Grandioso e sublime, o Gigante estava pronto para receber mais de 100 mil pessoas no domingo de 06 de abril. Para além da beleza, o Beira-Rio também chamava atenção pela modernidade de suas instalações. Eram 28 cabines de imprensa, quatro delas destinadas à TV, outras quatro à imprensa escrita, e as demais a emissoras de rádio. O acesso ao setor ocorria através de luxuosos elevadores, que também conduziam às tribunas, ou por meio de artísticas escadarias, exclusivas para os profissionais da mídia. Quanto às cabines, inclusive, salienta-se que o novo estádio colorado era o único no mundo a ter uma destas equipada com Telex, sistema que no dia da inauguração transmitiu informações para Londres e Lisboa.
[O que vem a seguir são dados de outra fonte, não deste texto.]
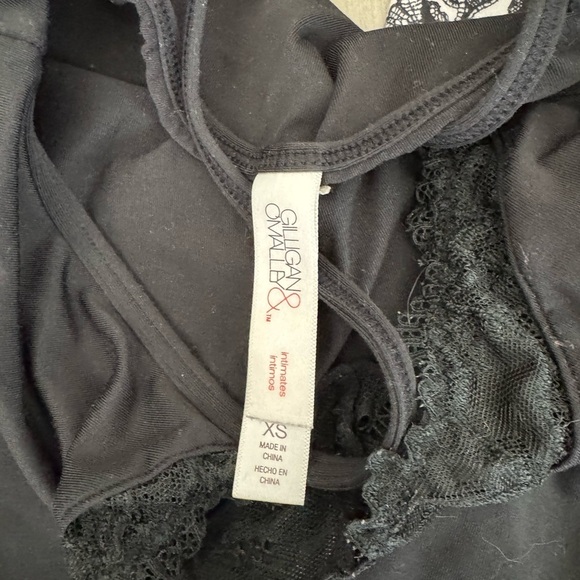 Gilligan & O'Malley Black and White Floral Chemise Set - Picture 2 of 3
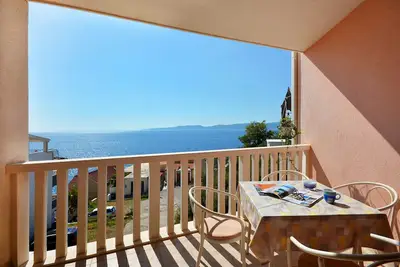 Appartement d'une chambre avec la terrasse et la vue sur le mer Pisak, Omis (A-7521-c)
O luxo, diga-se, não era exclusivo aos jornalistas, sendo também compartilhado pelos atletas, que contavam com banheiras térmicas no vestiário, artigo raro nos campos espalhados pelo mundo; e torcedores, que daquele momento em diante teriam o privilégio de acompanhar informações sobre as partidas no exuberante placar eletrônico localizado atrás da goleira sul do Beira-Rio. Assim, à altura da expectativa criada ao longo de treze anos de obras, pronto para exercer papel de destaque a nível nacional e também internacional, honrando o projeto de Ephraim, o trabalho de Borda, o empenho de Tedesco, Herrmann e, principalmente, toda esperança e entrega da torcida vermelha; o Gigante despertou para o domingo de páscoa. Dia em que a capital dos gaúchos acordou muito antes do nascer do sol, já pintada em alvirrubro. Em 6 de abril de 1969, todos foram tirados da cama mais cedo, ainda na – colorada – alvorada.